AutoDL Challenge Tutorial


Before we start, you need to know that

  • We target applications of multi-label image classification.
  • Raw data are provided, in TFRecord format.
  • We impose restrictions on training time and resources to push the state-of-the-art further.
  • This notebook uses sample data. Download larger datasets from the website of the challenge.
In [ ]:
from os.path import join
import numpy as np
import matplotlib.pyplot as plt
%matplotlib inline
In [ ]:
inges_dir = 'AutoDL_ingestion_program/'           # Ingestion program directory
score_dir = 'AutoDL_scoring_program/'             # Scoring program directory
model_dir = 'AutoDL_sample_code_submission/'      # Where model code is, called
baseline_dir = 'AutoDL_simple_baseline_models/'   # some baseline methods are implemented here

output_dir = 'AutoDL_scoring_output'
detailed_results_page = join(output_dir, 'detailed_results.html')

from sys import path; 
path.append(model_dir); path.append(inges_dir); path.append(score_dir); path.append(baseline_dir);

Part 1: Dataset Overview

Let's start with a sample dataset miniciao, which can be found in ./AutoDL_sample_data/miniciao

In [ ]:
data_dir = 'AutoDL_sample_data'            # Change this directory and the dataset as needed
data_name = 'miniciao'
!ls $data_dir
In [ ]:
# read train / test datasets
from dataset import AutoDLDataset # The module 'dataset' is defined at AutoDL_ingestion_program/
D_train = AutoDLDataset(join(data_dir, data_name + '/' + data_name + '.data', "train"))
D_test = AutoDLDataset(join(data_dir, data_name + '/' + data_name + '.data', "test"))
In [ ]:
# show important meta information about the dataset
print ("Dataset path: ", D_train.get_metadata().get_dataset_name())
print ("Image shape: ",  D_train.get_metadata().get_tensor_size(0))
print ("Dataset size: ", D_train.get_metadata().size())
print ("Output size: ",  D_train.get_metadata().get_output_size())
print ("Class labels: ", D_train.get_class_labels())
In [ ]:
# show sample images

It should be noted that:

  • in some datasets, the image shape is not fixed, i.e. some images are larger / smaller, when you get (-1, -1) as tensor size (image size) from meta information, it means that the image shapes are not identical in this dataset.
  • not all datasets have 3 channels
  • although this sample datset seems to have only one label for each image, it is not always true for other datsets.

Thus, it depends on you to choose to adapt to different datasets.

Part 2: Model, Prediction and Metrics

In [ ]:
# copy simple model
model_simple = join(baseline_dir, 'linear', '') # choose one simple baseline model
model_submit = join(model_dir, '') # submitted models must be called
!cp $model_simple $model_submit
In [ ]:
# set time budget and instanciate the model with dataset
from model import Model
M = Model(D_train.get_metadata())
In [ ]:
# train the model for a certain time
M.train(D_train.get_dataset(), remaining_time_budget=time_budget)
In [ ]:
# get prediction by calling test method
prediction = M.test(D_test.get_dataset(), remaining_time_budget=time_budget)

For each prediction made at a timestamp $t$, we compute for each (binary) class i the ROC AUC: $AUC_i$, then normalize it (and average over all classes) by: \begin{equation*} AUC = \frac{1}{C} \sum_{i=1}^C AUC_i, \quad NAUC = 2 \times AUC - 1, \end{equation*}

$NAUC$ is also called Gini index in some context.
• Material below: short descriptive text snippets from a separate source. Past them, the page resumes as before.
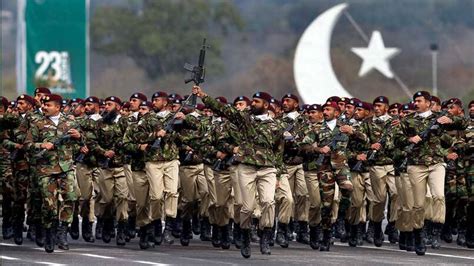 Pakistan staring at military coup? Army chief holds talks with business ...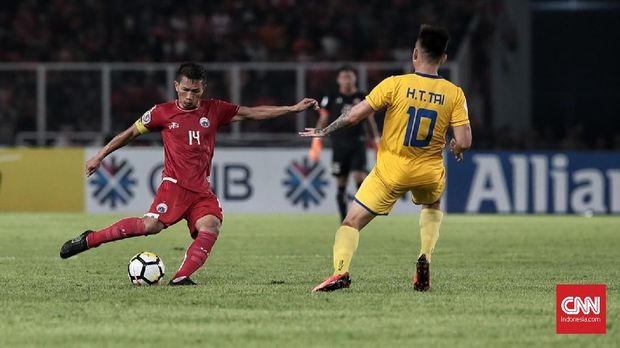 Song Lam Nghe An juga menelan kekalahan dari Persija Jakarta di Jakarta.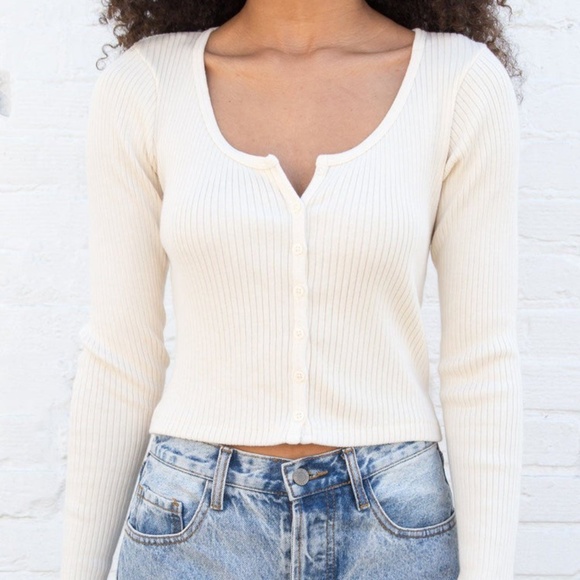 Brandy Melville Tops - Brandy Melville Zelly Ribbed Long Sleeve Top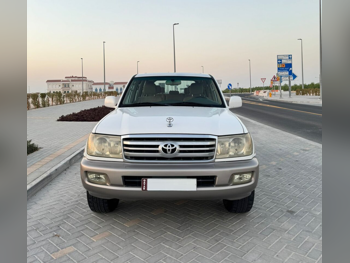 Toyota  Land Cruiser  GX  2006  Automatic  389,000 Km  6 Cylinder  Four Wheel Drive (4WD)  SUV  White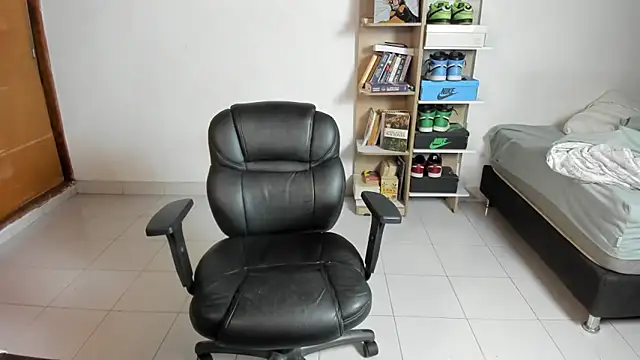 imtonny19 online show from November 23, 2025, 3:49 am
Then, the learning curve can be plot as a function of $NAUC$ vs. time. Let's denote the learning curve as $s(t)$. Since $s(t)$ is defined as the $NAUC$ of the most recent prediction made before timestamp $t$, $s(t)$ is actually a step function.

As this challenge aims to push forward the state-of-the-art in the any-time learning setting, we use a performance metric related to the whole learning curve (instead of only the last point). This metric is computed as follows.
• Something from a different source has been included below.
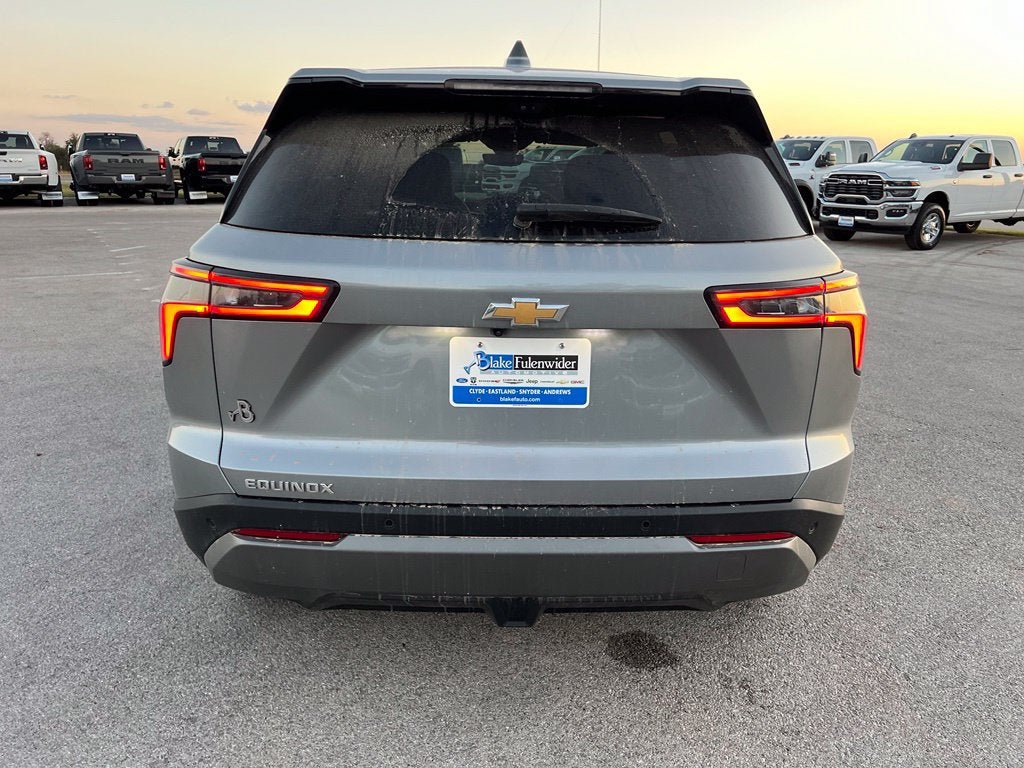 Used 2026 Chevrolet Equinox LT w/ Convenience Package II FWD image 4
  • In order to normalize time interval [0, T] to the [0, 1] interval, we perform a time transformation by $$\tilde{t}(t) = \frac{\log (1 + t / t_0)}{\log( 1 + T / t_0)}$$ where $T$ is the time budget (of default value 1200 seconds = 20 minutes) and $t_0$ is a reference time amount (of default value 60 seconds).
  • Then we compute the area under learning curve using the formula \begin{equation*} \begin{aligned} ALC &= \int_0^1 s(t) d\tilde{t}(t) \\ &= \int_0^T s(t) \tilde{t}'(t) dt \\ &= \frac{1}{\log (1 + T/t_0)} \int_0^T \frac{s(t)}{ t + t_0} dt \\ \end{aligned} \end{equation*} we see that $s(t)$ is weighted by $1/(t + t_0)$, giving a stronger importance to predictions made at the beginning of th learning curve.

This gives the evaluation score used for one task. Later, when ALC score is computed for all tasks, the final score is obtained by the average rank (over all tasks). It should be emphasized that multi-class classification metrics are not being considered, i.e., each class is scored independently.
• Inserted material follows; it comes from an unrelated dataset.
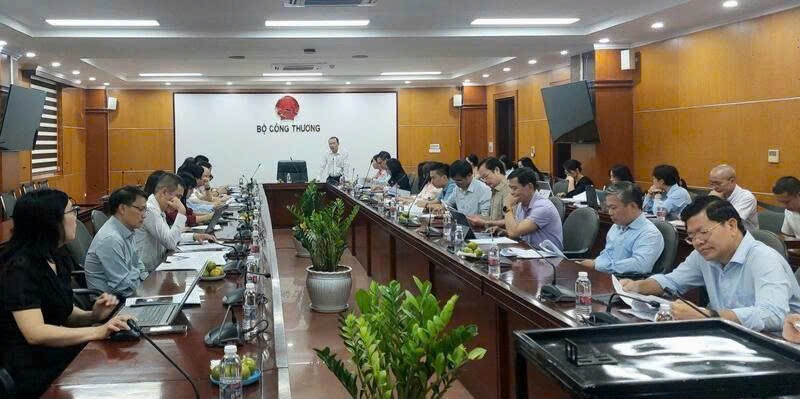 Phiên họp tổ điều hành thị trường trong nước quý II/2026.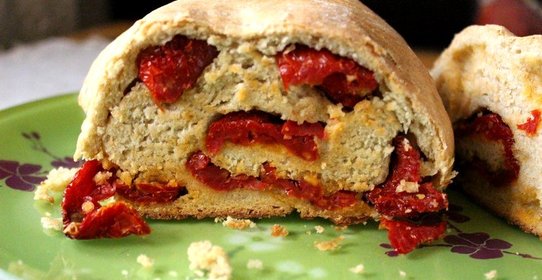 Хлеб с вялеными помидорами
Let's see in the following how the scores are computed.

In [ ]:
# calculate scores
from score import autodl_auc, accuracy
from libscores import read_array
solution_file = join(data_dir, data_name + '/' + data_name + '.solution')
solution = read_array(solution_file)

acc = accuracy(solution, prediction) # note that accuracy is not evaluation metric in the challenge
current_bac = autodl_auc(solution, prediction)
# print('Number of test examples: %d \n\t\t Solution \t\t\t\t\t Prediction ' % len(solution))
# [print(z) for z in zip(solution, prediction)]
print ("Classification Accuracy: ", acc)
print ("Normalized Area Under ROC Curve (NAUC) = {:.4f}.".format(current_bac))
print ("ALC can be read from the result page as shown in the next part.")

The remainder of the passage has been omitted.